Social Enterprise in South LA - A Community Conversation Thursday, November 1, 7:00 p.m. How does private and philanthropic investment in social enterprise benefit the community? Do social enterprises like the urban farm we see in SEED inspire creative place-making? We'll explore these questions with social enterprises working in and for South LA communities.

Post-show Conversation with Cast Thursday, November 8, 10:30 p.m. Join members of the cast from SEED in a post-show dialogue moderated by Raquel Gutiérrez, Cornerstone Manager of Community Partnerships.

  Healthy Expedition of South LA Friday, November 9, 6:00 p.m. - 10:00 p.m.  We take you on a tour of our favorite Inglewood eateries, including Mr.
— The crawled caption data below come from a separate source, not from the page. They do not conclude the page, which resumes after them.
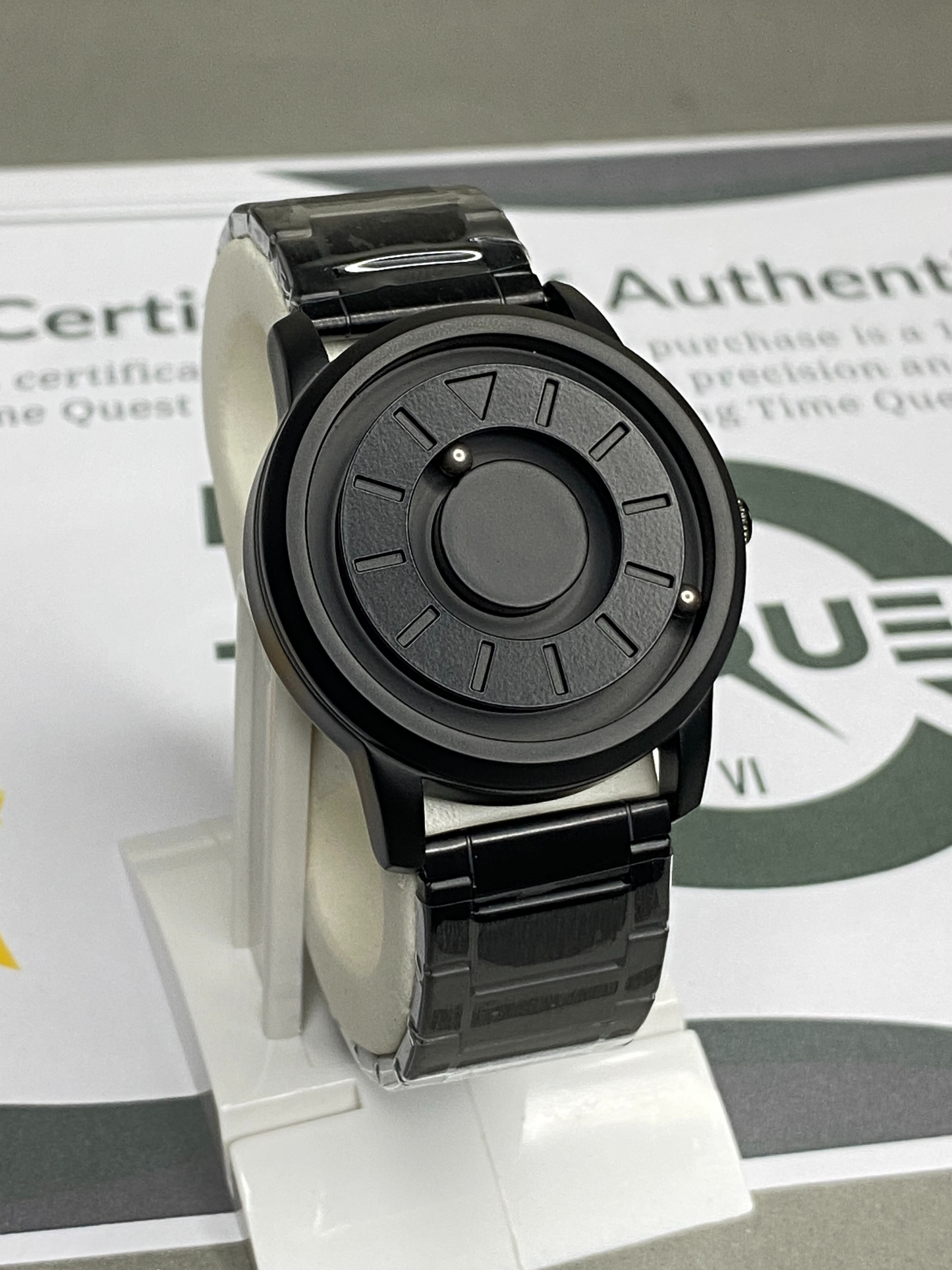 Revolutionary Bearing Full Metallic Dial & Butterfly Lock Chain Watch For Men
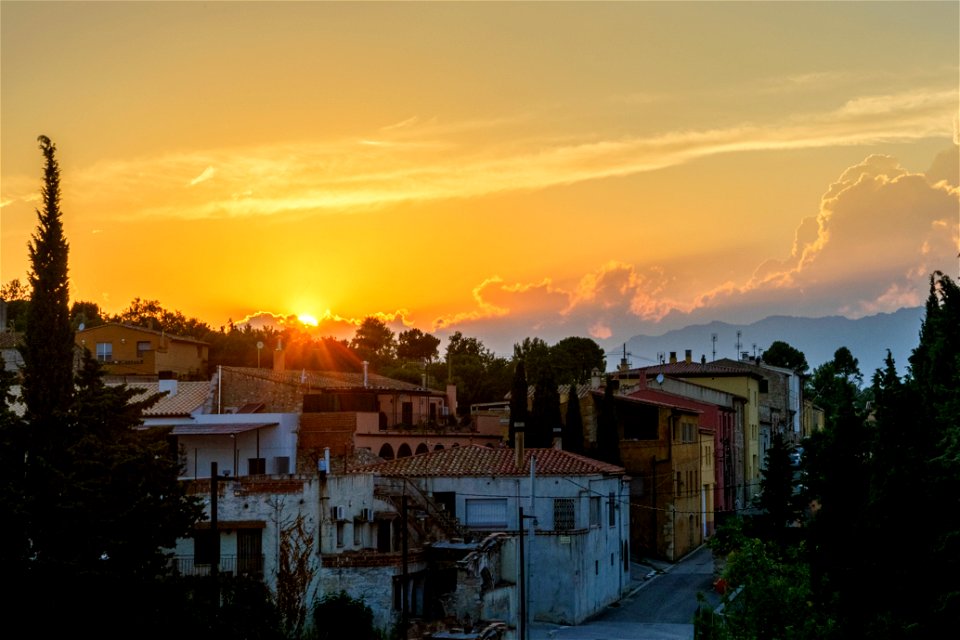 03-07-2018 Posta de sol des de casa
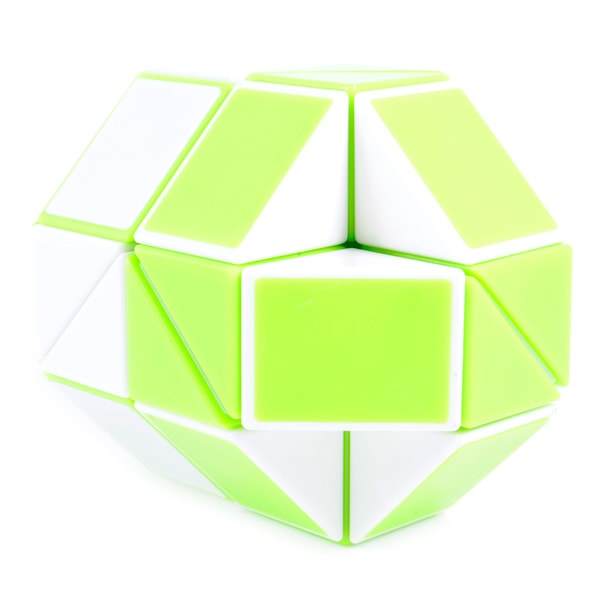 Головоломка Розумний кубик Змійка біло-зелена 36 елементів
Wisdom LA Organic Health Foods & Hare Krishna Restaurant and Stuff I Eat.  This culinary adventure will serve as a launch pad for conversation about the area's historical and cultural geography. *Note: The Healthy Expedition has been postponed to a future date. Also, there is no performance of SEED on this date. Performance by Teatro Jornalero Sin Fronteras (Day Labor Theater Without Borders)

Sunday, November 11, 1:00 p.m. Experience a performance by Teatro Jornaleros Sin Fronteras (TJFS), a Los Angeles-based ensemble theater group of day laborers, before going to see SEED: A Weird Act of Faith. *Note: This event has been cancelled.

Theater in the Streets: A Community Conversation Sunday, November 11, 1:30 p.m. Before the show, join Teatro Jornaleros Sin Fronteras (TJFS) and other community-engaged artists and activists (to be announced) as they discuss street art. *Note: This event has been cancelled.   The Garden Gateway Project: Film Screening & Panel Tuesday, November 13, 12:00-2:00 p.m. Get to know our SEED community partner, Community Services Unlimited (CSU), at this screening of the 50-minute documentary, "THE GARDEN GATEWAY PROJECT," about CSU's Mini Urban Farm and its inspirational neighbors and tillers (watch a preview). We'll follow with a panel featuring CSU members, community farmers and scholars discussing the role of community-run and community-based farm programs. *Note: This event will be held at Mercado La Paloma.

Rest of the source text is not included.